Jim Smart
January 1, 2009
Ford dealers picked up their '64½ Indy Pace Car hardtops at a special "Checkered Flag Winners Day" in Dearborn on May 14, 1964.

Ford aimed for an even split between Checkered Flag and Green Flag winners, but it didn't work out that way. There were ties in some of the sales districts, making it necessary to produce an additional number of Pace Car hardtops with May 1, 1964 (01E) date codes and a DSO code of 84 (Ford Home Office Reserve). It is not known how many additional cars were built.

According to Haskell, 105 dealers won the Checkered Flag contest and were invited to Dearborn for a "Checkered Flag Winners Day" on May 14, 1964. Roughly 85 Green Flag winner cars were shipped to dealers who chose to buy them. Some dealers kept them, while others were promptly sold. Each dealer also received an Indy 500 Pace Car hardtop plastic promo car with the appropriate graphics.

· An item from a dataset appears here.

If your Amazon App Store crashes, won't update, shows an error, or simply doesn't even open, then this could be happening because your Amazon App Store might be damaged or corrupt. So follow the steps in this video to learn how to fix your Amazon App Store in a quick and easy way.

In a sad footnote to the Checkered Flag contest, one of the dealers was killed in a head-on collision while driving his Pace Car home.

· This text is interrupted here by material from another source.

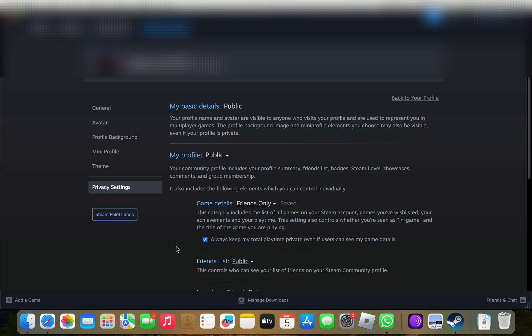Once you have done that, it's going to take some time to save your settings and once it has been saved, no one will be able to check out your playtime on Steam.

Southern California's Steve Grant has always had an interest in the Indy 500 Pace Car Mustangs due to their unique history and rarity. He was thumbing through Hemmings Motor News in June 1996 when he stumbled upon one for sale in Virginia. As luck would have it, he was planning a trip to see his parents in Delaware. He even managed to talk his father into the five-hour drive down to Virginia to check the car out. The Mustang was in pretty good shape for an East Coast car. When Steve checked out all the important details, such as the VIN, color and trim codes, build date, and DSO, he was convinced he'd found one of the hardtops.

Thus began a long journey leading up to a concours restoration. "I'm not mechanically inclined," Steve tells us. "So I had a friend help me get the car running." With a new fuel tank and sending unit, the 260 fired up and ran. A big moment for Steve was when he found "PACE CAR" in the radiator support. He tells us he believes it was put there in grease pencil over bare steel before the paint was applied.

When the restoration process began to outdistance Steve's abilities, he hauled the car to Mustangs & American Classics in Mission Viejo, California, where Monroe Weathers concluded the car needed floors, doors, quarter-panels, and fenders. Although the car had 150,000 miles on its original 260-2V V-8, it had never been apart, making it a solid foundation for rebuilding.

Monroe located new-old-stock sheetmetal and good used doors for Steve's project. John Hesford at Vintage Auto Body in Brea, California, performed all of the bodywork and paint, although Steve had a tough time tracking down Pace Car White, which was ultimately found as DDL-8321 on a Ford color chart.

Steve's Pace Car was one of the Green Flag contest cars. Assembled on April 20, 1964 at the Dearborn assembly plant, it was delivered to Thompson Auto Company in Thomasville, North Carolina. When Steve contacted the dealer in 2002, he was stunned to discover that the car's original salesman, Bennie Link, still worked for the dealership. Bennie remembered the car, telling Steve that it sat in the showroom until November. It was ultimately sold to the owner of a local minor league baseball team for $2,926. Bennie told Steve the buyer did not care for the Indy 500 graphics, asking the dealer to remove them and paint the car Skylight Blue. The car would pass through many owners in North Carolina and Virginia before Steve's purchase in 1996.

Steve's efforts on this car cannot be underestimated, especially considering he is not a mechanic or restorer by nature. So far, the pinnacle for Steve was winning Best of Show at the Fabulous Fords Forever at Knott's Berry Farm in 2003, where he was up against 1,800 other competitors. Steve's success could be written off as beginner's luck, but we don't think so. Steve believes you must be faithful to a car's history and authenticity. And that takes more commitment than luck.